This is the first in a series of posts focusing on themes and hot topics relevant to Internal Audit functions in organisations in the process of adopting IFRS 17 Insurance Contracts.
IFRS 17 is the most significant change in insurance accounting for a generation. For many insurers, particularly in the Life Insurance industry, understanding and delivering the necessary changes is complex and permeates the entire organisation. With this in mind, it is clear that an effective implementation plan that is well understood by its users is critical to an organisation’s IFRS 17 project running successfully.
Although there will have been iterations, most organisations’ implementation plans will now be close to their final form. A simple first step for Internal Audit is to understand management’s implementation plan in detail from methodology, Proof of Concept, build, dry runs right up to go-live including any regional rollouts and dependencies. Internal Audit should benchmark the status and costing of management’s IFRS 17 programme to similar organisations in the industry, and challenge the reasons for both positive and negative variances to peers.
Internal Audit can consider the above and management’s own risk assessment around project delivery when evaluating the implementation plan. Common areas of focus for auditors reviewing an IFRS 17 implementation plan include:
- Governance – because technical accounting decisions made early in the project will define many subsequent actions in the programme, there should be appropriate governance to challenge and anticipate downstream dependencies stemming from accounting and architecture decisions.
- Phasing – because IFRS 17 impacts so many parts of an organisation, IFRS 17 implementation will involve a number of workstreams that depend on each other. Strong implementation plans will identify interdependencies and the associated risks and seek to manage the sequencing of activities, mitigating the risk of delays to delivery.
- Testing and Dry Runs – the scale of validation of data, technology, financial close processes and other aspects of IFRS 17 implementation will vary by organisation based on the nature of its insurance business and certain accounting policy and methodology decisions made. Internal Audit should understand whether the implementation plan accommodates sufficient testing time.
- Suppliers – IFRS 17 will typically require the involvement of a number of external suppliers. Auditors should check that implementation plans are designed to manage execution risk as it relates to suppliers, including availability, oversight, cost monitoring and more.
- Resourcing – IFRS 17 will demand significant internal resource to ensure a successful implementation, however BAU reporting will continue until 2022. Resourcing plans can make or break a project, so Internal Audit should seek to understand how the business has set itself up for success and performed contingency planning around resourcing.
For individual organisations, there are likely to be a number of other risk factors that might impact delivery of IFRS 17, both internal (such as turnover of key project staff) and external (such as late clarification of requirements by the IASB) that can be layered into audit scopes.

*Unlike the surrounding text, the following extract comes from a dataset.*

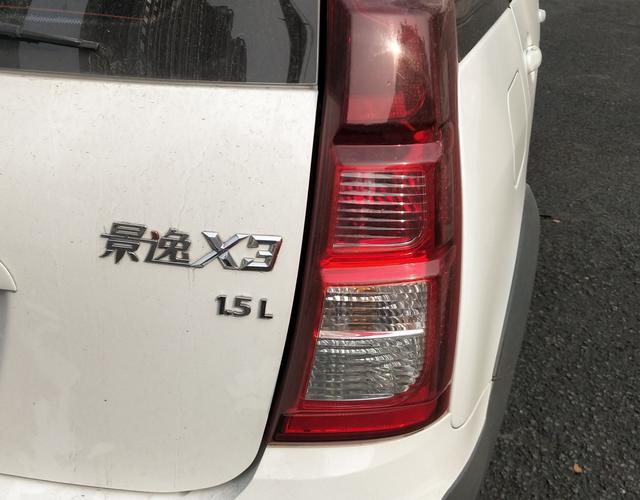 东风风行景逸X3 2015款 1.5L 手动 前驱 舒适型 (国Ⅳ) 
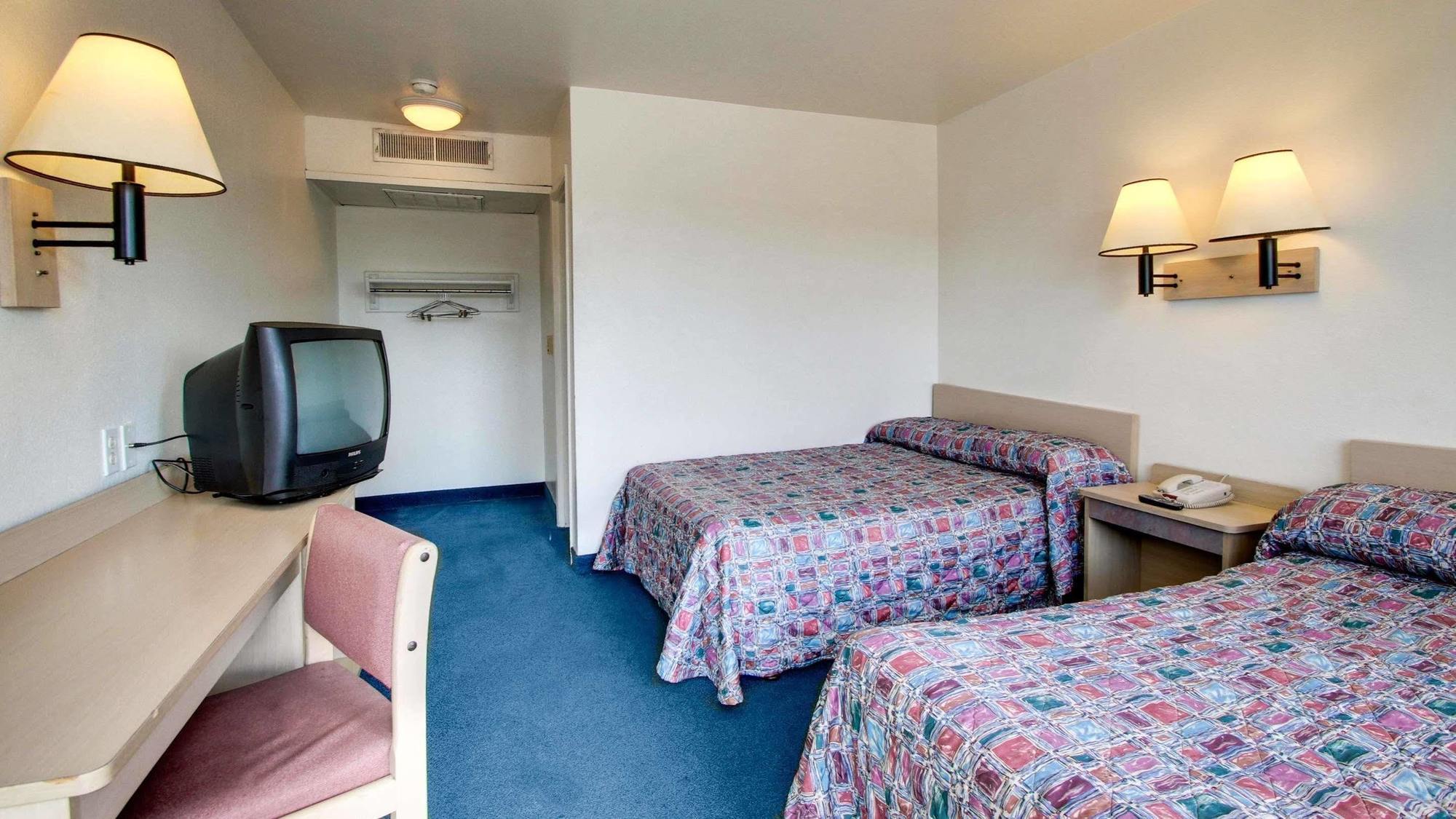 Quality Inn & Suites Des Moines Airport Luaran gambar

An audit that considers an organisation’s implementation roadmap – whether on its own or as part of a broader scope – is a way to provide timely feedback and insight to the business on potential areas of delivery risk that management may not have identified. As insurers’ implementation plans crystallise, auditors should grasp the opportunity to provide confidence to management that plans are sufficiently accurate and granular to lay the foundations for successful project delivery.